[Dataset content]

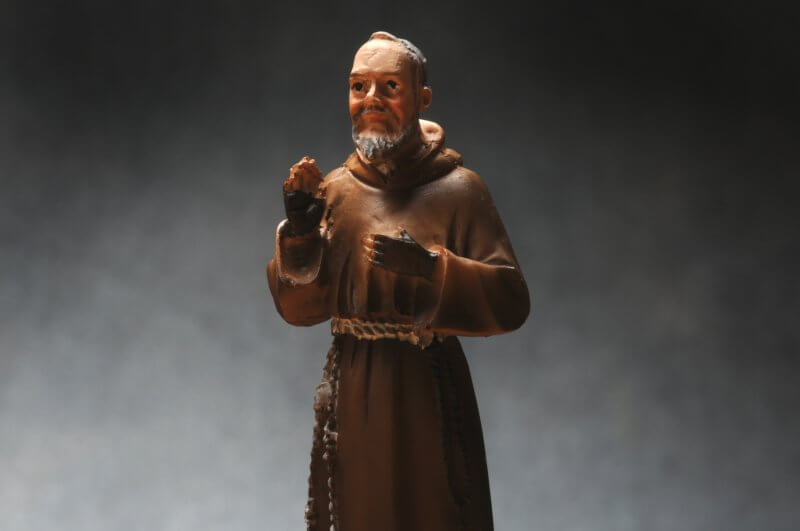 Friar এর সংজ্ঞা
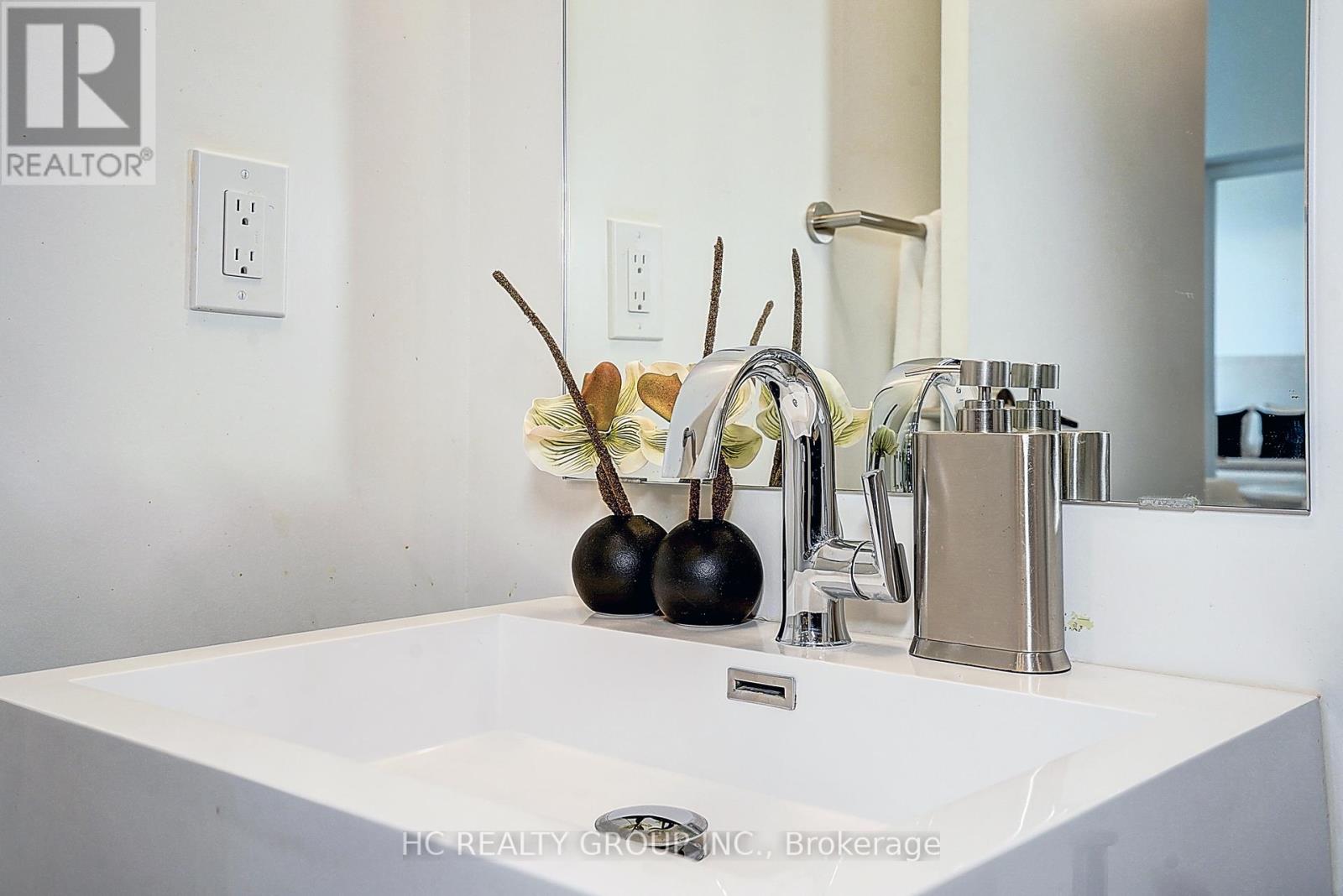 3007 - 39 Roehampton Avenue, Toronto, Ontario  M4P 1P9 - Photo 31 - C12789130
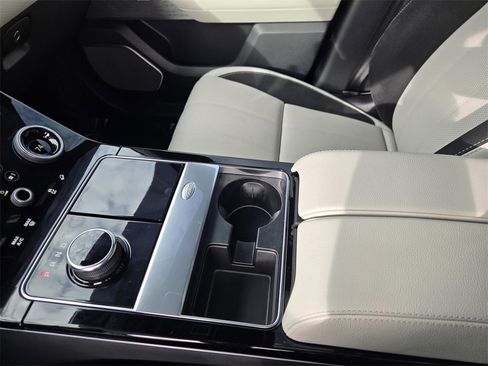 Used 2020 Land Rover Range Rover Velar R-Dynamic S image 23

[/Dataset content]

* What the exercise asks: Your answer must be the full listing, word for word, minus any images.

* Task solution:
 Friar এর সংজ্ঞা
 3007 - 39 Roehampton Avenue, Toronto, Ontario  M4P 1P9 - Photo 31 - C12789130
 Used 2020 Land Rover Range Rover Velar R-Dynamic S image 23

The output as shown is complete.